Natomiast widać, że... nic nie widać. Gdyby trzy tarcze loga amerykańskiej firmy zmienić na dowolny znak firmowy chińskiej firmy, nie bylibyśmy ani trochę zaskoczeni. LaCrosse jest generyczny w sposób, w który wygląda wiele azjatyckich samochodów - tych mniej odważnych we wzornictwie. Za to, w pokazanej wersji Avenir, ma matrycowe światła LED, które składają się z 222 diód. Do tego ma dziewięć trybów pracy, a układ świateł LED reaguje na zbliżanie się właściciela. Jeśli wykryje cyfrowy kluczyk, "odpali" sekwencję powitalną, w postaci animacji świateł przednich, tylnych oraz oświetlenia wokół klamek.

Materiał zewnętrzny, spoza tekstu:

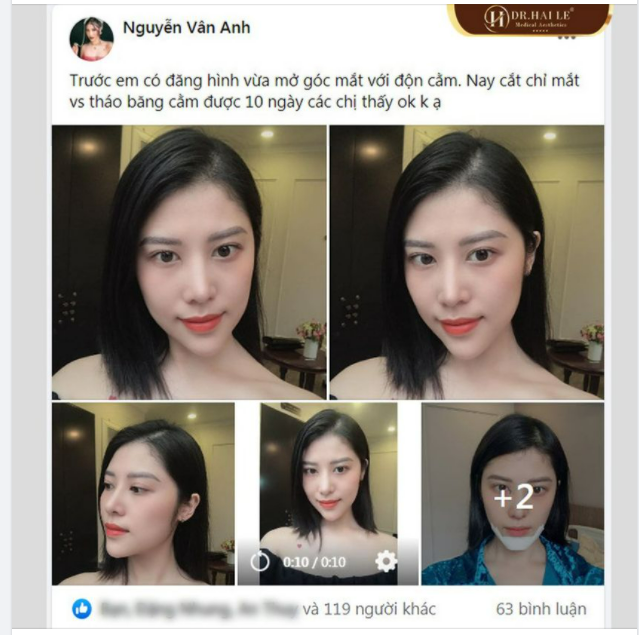 Cả nhà cho cô nàng xin ý kiến về kết quả Độn Cằm V-line 10 ngày và mở góc mắt nào?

Wnętrze w wysokiej rozdzielczości
To nie koniec spektakularnego oświetlenia. Duże ilości diód trafiły też do wnętrza. Ambientowe podświetlenie składa się ze 121 źródeł światła.
To ma uzupełnić "ekran kinowy" w środku. Konsola centralna składa się bowiem z wyświetlacza o przekątnej 30", wyświetlającego obraz w rozdzielczości 6K. A to wszystko dla cyfrowych zegarów i rozbudowanego systemu multimedialnego.
GM chwali się, że Buick LaCross korzysta z nowoczesnej technologii i wysokiej klasy materiałów, takich jak elementy cięte laserem, czy podwójne francuskie przeszycia na tapicerce. Kierowca i pasażer będą mogli skorzystać z foteli z elektrycznym sterowaniem, ogrzewaniem, wentylacją i masażami, a praktyczność zapewni "lewitująca" konsola środkowa z ładowarką indukcyjną na górze i dużym schowkiem pomiędzy fotelami.
A coś więcej o technologii? To nie ma znaczenia. Ma być na bogato i futurystycznie. Wiadomo więc tylko, że za napęd będzie odpowiadała dwulitrowa jednostka turbo o mocy 240 KM.
Jestem ciekaw, czy ten samochód finalnie "wydostanie się" poza Chiny. Nie jest SUV-em, więc szanse są niewielkie.